PolskaMularczyk: Ziobro nie powinien zrzekać się immunitetu

Mularczyk: Ziobro nie powinien zrzekać się immunitetu

Według posła PiS Aleksandra Mularczyka, Zbigniew Ziobro nie powinien zrzekać się immunitetu, ale pozwolić na jego uchylenie przez Sejm. Jego zdaniem, uchwała podjęta w tej sprawie byłaby wadliwa prawnie, a więc nieważna.

05.08.2008 | aktual.: 05.08.2008 14:40

23 lipca Komisja Regulaminowa i Spraw Poselskich przez kilka godzin w atmosferze awantury zajmowała się wnioskiem o uchylenie immunitetu Ziobrze. Posłowie PiS, którzy licznie stawili się na posiedzeniu komisji, zarzucali PO, że przeprowadza "sąd kapturowy" nad Ziobrą, który był nieobecny na posiedzeniu. Ostatecznie komisja zarekomendowała Sejmowi uchylenie immunitetu Ziobrze.

Namawiałbym Zbigniewa Ziobrę, aby nie zrzekał się immunitetu, ale poczekał na decyzję Sejmu - powiedział Mularczyk.
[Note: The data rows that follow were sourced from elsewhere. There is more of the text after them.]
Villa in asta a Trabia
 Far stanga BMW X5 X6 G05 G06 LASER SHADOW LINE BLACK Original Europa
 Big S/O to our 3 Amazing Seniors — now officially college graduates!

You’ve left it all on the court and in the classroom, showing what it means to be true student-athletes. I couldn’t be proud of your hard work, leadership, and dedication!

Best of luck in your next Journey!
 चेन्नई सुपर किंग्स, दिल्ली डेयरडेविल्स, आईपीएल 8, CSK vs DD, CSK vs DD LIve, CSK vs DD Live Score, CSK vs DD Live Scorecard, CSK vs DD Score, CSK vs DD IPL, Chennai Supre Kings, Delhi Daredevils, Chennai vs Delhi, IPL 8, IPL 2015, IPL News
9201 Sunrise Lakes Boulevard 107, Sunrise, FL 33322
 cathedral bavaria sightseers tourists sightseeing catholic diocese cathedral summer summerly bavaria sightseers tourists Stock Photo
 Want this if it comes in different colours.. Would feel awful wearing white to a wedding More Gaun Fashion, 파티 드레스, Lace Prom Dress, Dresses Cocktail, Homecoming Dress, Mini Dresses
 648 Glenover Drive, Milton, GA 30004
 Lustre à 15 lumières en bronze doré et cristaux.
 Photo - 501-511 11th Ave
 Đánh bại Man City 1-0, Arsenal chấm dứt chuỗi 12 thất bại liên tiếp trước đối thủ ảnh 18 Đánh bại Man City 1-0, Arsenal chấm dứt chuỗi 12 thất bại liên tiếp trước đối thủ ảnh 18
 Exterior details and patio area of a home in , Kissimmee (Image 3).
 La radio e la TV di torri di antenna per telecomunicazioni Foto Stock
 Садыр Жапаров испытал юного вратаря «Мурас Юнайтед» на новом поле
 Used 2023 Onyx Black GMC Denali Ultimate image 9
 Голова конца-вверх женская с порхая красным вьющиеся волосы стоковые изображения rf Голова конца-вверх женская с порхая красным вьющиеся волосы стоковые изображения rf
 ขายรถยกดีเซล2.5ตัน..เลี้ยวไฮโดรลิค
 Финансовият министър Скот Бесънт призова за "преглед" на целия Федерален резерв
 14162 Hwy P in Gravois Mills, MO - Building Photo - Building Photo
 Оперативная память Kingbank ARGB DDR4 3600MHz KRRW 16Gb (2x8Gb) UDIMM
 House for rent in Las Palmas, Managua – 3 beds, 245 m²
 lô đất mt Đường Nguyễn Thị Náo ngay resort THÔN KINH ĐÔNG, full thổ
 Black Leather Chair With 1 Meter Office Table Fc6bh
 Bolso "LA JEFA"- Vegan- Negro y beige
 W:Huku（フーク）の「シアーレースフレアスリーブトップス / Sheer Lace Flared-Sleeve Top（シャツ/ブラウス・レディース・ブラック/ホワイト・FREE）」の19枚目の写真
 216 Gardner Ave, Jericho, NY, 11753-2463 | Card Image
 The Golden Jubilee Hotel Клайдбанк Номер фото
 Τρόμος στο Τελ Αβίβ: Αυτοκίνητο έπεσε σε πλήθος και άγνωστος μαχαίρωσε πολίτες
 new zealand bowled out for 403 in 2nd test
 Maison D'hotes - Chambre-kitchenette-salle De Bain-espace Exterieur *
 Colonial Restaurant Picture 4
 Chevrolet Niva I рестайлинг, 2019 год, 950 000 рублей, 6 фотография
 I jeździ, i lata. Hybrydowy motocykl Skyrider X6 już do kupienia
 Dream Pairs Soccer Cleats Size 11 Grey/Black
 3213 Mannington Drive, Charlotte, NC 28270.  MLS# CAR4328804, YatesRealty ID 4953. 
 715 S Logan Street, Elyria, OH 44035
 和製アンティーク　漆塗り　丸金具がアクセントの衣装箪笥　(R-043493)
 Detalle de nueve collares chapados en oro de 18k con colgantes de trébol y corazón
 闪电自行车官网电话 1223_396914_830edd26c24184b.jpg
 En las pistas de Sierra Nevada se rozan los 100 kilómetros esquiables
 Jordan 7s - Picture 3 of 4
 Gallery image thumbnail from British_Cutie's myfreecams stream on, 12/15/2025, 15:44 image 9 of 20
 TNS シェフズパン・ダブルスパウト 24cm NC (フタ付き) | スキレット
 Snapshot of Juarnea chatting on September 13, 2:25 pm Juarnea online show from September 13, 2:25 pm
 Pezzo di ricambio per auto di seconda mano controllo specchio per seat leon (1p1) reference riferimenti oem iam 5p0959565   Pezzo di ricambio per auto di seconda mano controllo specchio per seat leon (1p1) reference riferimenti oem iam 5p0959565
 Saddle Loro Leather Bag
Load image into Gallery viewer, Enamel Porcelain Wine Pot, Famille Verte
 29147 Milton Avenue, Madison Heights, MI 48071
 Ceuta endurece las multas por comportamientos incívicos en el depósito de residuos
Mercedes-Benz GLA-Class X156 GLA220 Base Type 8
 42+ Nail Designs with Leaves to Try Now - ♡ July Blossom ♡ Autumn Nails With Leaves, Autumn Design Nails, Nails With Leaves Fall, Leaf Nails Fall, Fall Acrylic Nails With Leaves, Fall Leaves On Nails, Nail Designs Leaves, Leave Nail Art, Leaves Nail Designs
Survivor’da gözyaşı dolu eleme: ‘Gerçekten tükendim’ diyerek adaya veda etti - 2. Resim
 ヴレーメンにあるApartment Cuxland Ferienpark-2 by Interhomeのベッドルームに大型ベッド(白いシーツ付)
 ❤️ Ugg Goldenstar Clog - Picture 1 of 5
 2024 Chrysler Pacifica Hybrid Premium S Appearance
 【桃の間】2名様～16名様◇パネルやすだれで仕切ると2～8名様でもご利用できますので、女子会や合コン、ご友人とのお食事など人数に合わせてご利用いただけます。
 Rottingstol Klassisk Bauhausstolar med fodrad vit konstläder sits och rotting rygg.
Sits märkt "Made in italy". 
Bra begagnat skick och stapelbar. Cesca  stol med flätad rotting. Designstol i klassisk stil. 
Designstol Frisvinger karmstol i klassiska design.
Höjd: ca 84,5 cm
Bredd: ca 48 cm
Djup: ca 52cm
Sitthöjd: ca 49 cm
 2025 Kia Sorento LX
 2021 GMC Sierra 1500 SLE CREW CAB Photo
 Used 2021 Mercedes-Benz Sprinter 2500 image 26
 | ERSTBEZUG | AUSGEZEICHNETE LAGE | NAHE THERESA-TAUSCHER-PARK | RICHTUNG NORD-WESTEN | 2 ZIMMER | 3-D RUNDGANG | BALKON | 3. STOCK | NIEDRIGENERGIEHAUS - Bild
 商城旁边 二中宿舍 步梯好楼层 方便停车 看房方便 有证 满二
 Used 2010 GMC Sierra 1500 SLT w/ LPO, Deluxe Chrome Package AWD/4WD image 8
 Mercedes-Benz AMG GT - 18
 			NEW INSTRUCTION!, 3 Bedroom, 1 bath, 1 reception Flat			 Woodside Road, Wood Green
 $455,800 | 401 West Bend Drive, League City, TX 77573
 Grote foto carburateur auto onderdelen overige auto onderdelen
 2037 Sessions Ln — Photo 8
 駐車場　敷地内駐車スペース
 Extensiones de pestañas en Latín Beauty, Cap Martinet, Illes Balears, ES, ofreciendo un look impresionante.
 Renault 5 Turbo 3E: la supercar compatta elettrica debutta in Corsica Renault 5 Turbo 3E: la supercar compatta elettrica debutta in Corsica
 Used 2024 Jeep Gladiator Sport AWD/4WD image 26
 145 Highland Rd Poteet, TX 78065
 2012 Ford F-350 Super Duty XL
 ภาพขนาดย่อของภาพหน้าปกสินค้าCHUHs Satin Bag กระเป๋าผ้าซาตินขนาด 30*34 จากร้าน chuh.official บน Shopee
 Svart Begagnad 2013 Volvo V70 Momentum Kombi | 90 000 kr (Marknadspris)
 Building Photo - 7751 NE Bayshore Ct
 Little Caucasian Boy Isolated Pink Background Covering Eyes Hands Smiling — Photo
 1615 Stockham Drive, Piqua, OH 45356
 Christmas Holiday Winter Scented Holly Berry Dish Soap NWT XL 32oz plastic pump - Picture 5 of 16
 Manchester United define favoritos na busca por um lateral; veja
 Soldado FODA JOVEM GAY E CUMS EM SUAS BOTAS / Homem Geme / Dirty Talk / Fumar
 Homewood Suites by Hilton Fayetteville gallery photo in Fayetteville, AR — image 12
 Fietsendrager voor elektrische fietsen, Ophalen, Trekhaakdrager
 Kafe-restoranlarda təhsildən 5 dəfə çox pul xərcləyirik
Mularczyk, który jest obrońcą Ziobry w tej sprawie, zaznaczył, że jest to tylko jego zdanie, a ostateczną decyzję podejmie sam Ziobro. Podkreślił, że jeśli Sejm podejmie uchwałę, uchylającą immunitet byłemu ministrowi sprawiedliwości, "będzie ona obarczona wadą prawną", o której będzie musiał orzec Trybunał Konstytucyjny lub sąd.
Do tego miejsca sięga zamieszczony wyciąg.